Anyway, I've more or less given up and moved the box to a location where I have cabled net.

Maybe I'll try again a few kernel verisons later. Thanks for all the help though!

----------

## Abigail

I also have trouble the Realtek card. I have a Dell Inspiron mini 1018 (I used to consider Dells to be rather good computers but I _swear_ if I'm ever forced to use a Dell again I'll _kill_ someone! >_<) and as far as my research dug up I require the rtl8192ce driver. I found the one on Realtek's site, compiled and installed it, but it seems to not actually do anything. wlan0 doesn't show up or anything. Since then I tried three different kernels (2.6.3{6,8.1,9.1} respectively) each with the same amount of success, none. However digging through my logs (these are also a little wonky as I don't actually have any wired internet and only intermitted wireless so they're not well set up) I found that my kernel doesn't load the firmware. I tried using the firmware from the package I got from Realtek which I put in /lib/firmware, but that doesn't seem to make a difference. Any advice on what I could try next?

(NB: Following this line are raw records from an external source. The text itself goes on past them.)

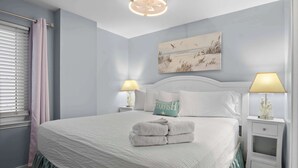Een net opgemaakt bed met een witte dekbedovertrek en een groene hoeslaken, twee nachtlampjes, een nachtkastje met een decoratief object, en een schilderij boven het bed.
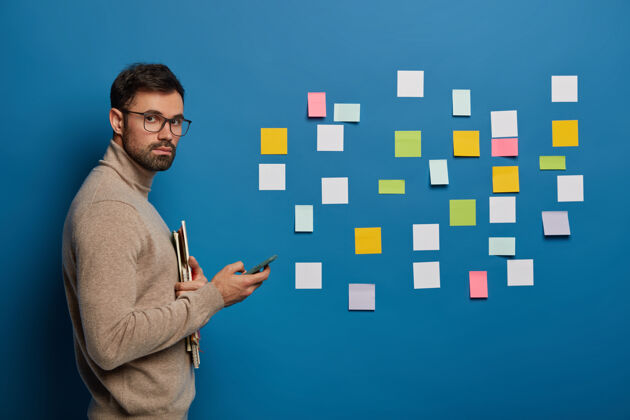 日记自信的男职工在蓝色的墙上整理五颜六色的笔记 写项目创意 用手机 上网搜索信息安排记事本贴纸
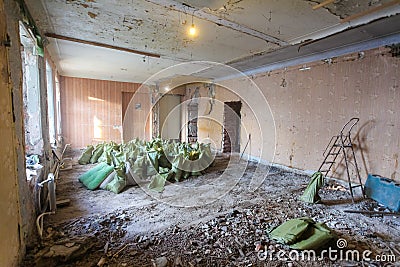 Interior of apartment during on the renovation and construction. Garbage and waste from dismantling in bags for disposal Stock Photo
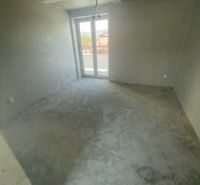 A vacant room in a three-room apartment with a concrete floor and plastered walls.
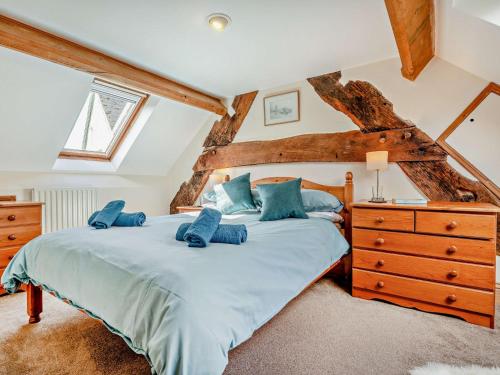 a bedroom with a large bed with blue pillows at 4 Bed in Hay on Wye 90375 in Builth Wells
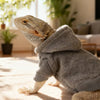A bearded dragon costume resembling a lizard is shown resting on a light-colored surface.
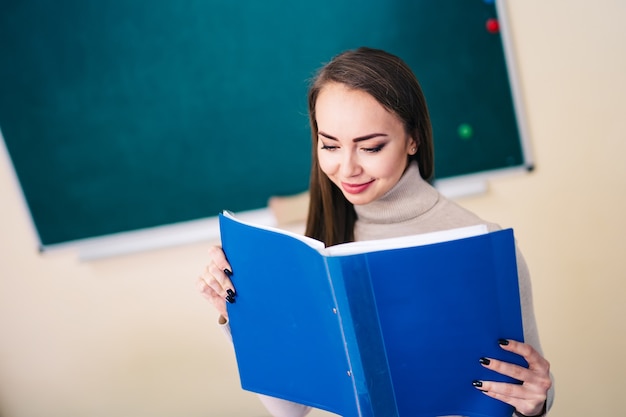 Young teacher with a folder in the classroom. Educational concept.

As a note on the above, I do definitely apologize for the sketchy details and lack of logs and all. But I can't find the logs on my Windows partitions and I don't have the time to reboot at the moment. So if anybody could give some suggestions on what I could try in the mean time I'll have logs when I get back online next time.

----------

## b0nafide

Wheeee Realtek wireless drivers

I discovered I had to make a symlink in /lib/firmware to make the firmware load.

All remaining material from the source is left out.